◆ **Task directions**: Every line from the one with "2PCS Sun Lounger" through the end of the material below, both ends included, should be transcribed exactly, without pictures.

◆ **Recorded data**:

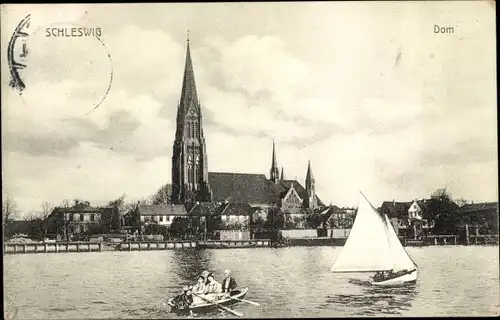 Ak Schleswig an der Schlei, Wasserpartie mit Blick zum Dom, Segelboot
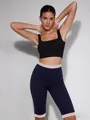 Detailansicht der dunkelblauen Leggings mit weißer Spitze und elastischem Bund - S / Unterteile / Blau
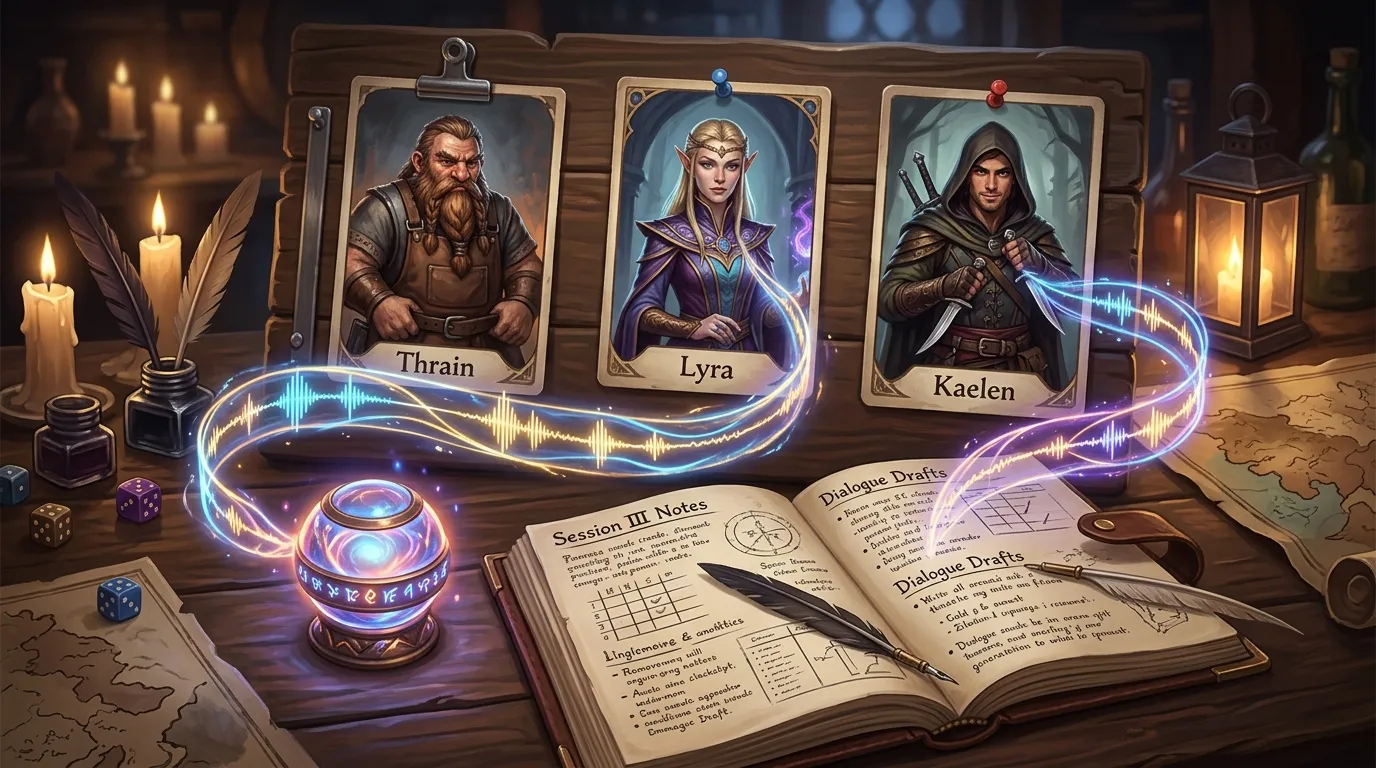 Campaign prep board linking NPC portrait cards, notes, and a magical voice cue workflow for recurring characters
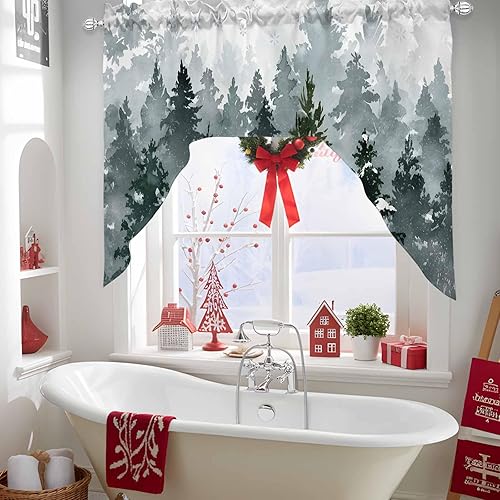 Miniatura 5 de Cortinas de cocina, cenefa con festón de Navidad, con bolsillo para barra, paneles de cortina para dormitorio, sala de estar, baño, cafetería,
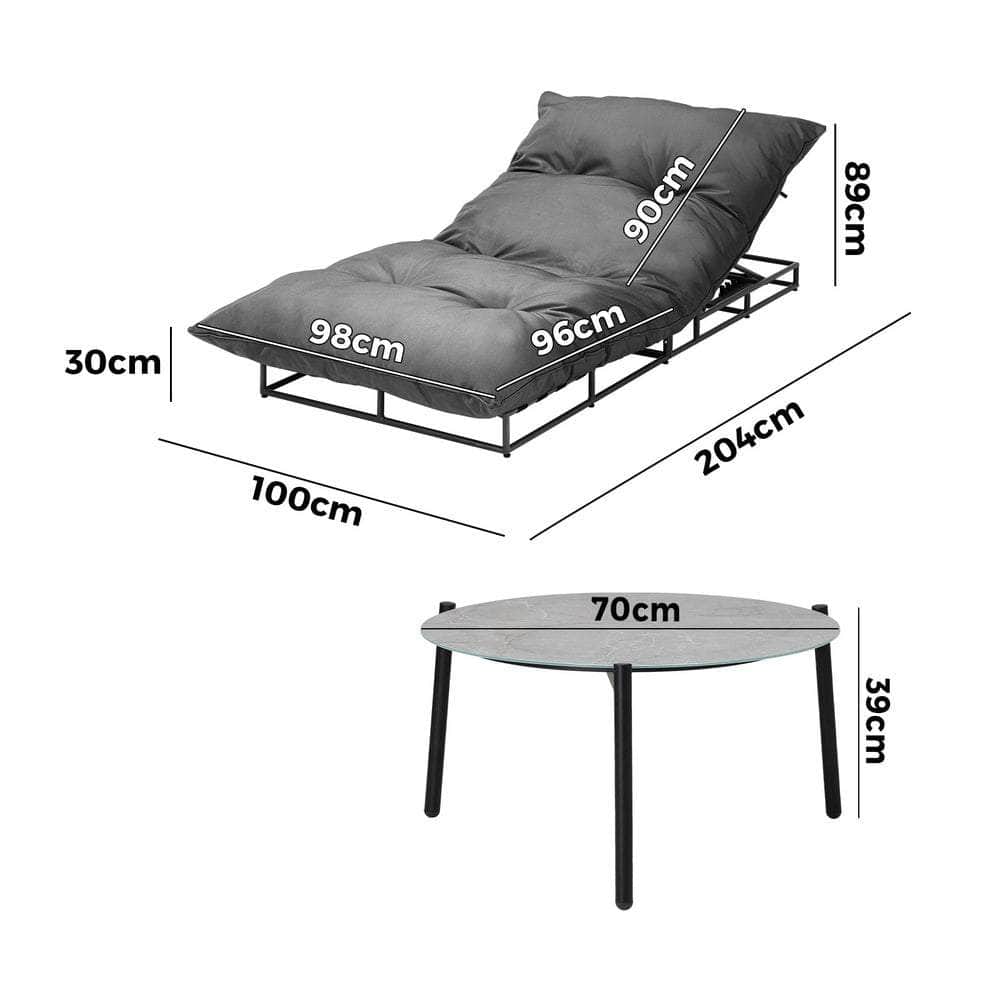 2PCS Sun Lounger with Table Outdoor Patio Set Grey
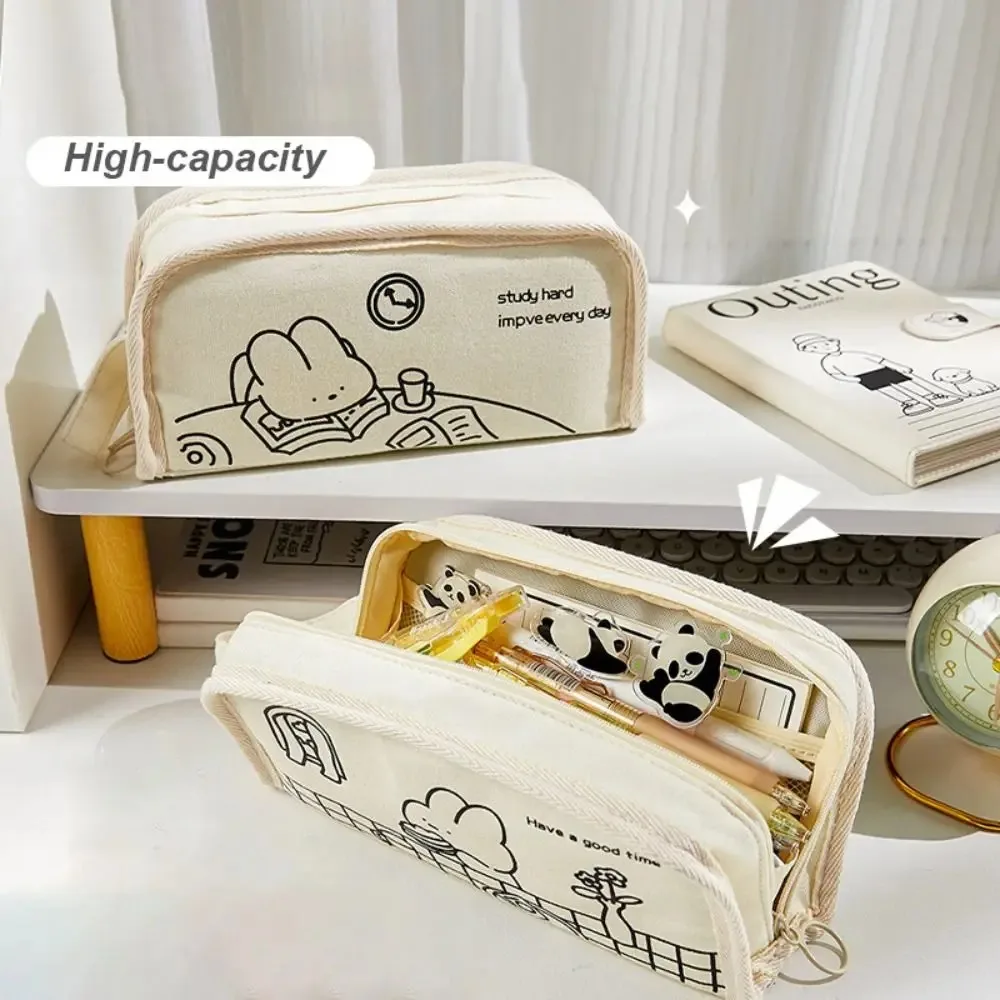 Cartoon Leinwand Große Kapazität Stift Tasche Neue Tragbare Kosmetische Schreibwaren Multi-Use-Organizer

◆ **Exercise solution**:
 2PCS Sun Lounger with Table Outdoor Patio Set Grey
 Cartoon Leinwand Große Kapazität Stift Tasche Neue Tragbare Kosmetische Schreibwaren Multi-Use-Organizer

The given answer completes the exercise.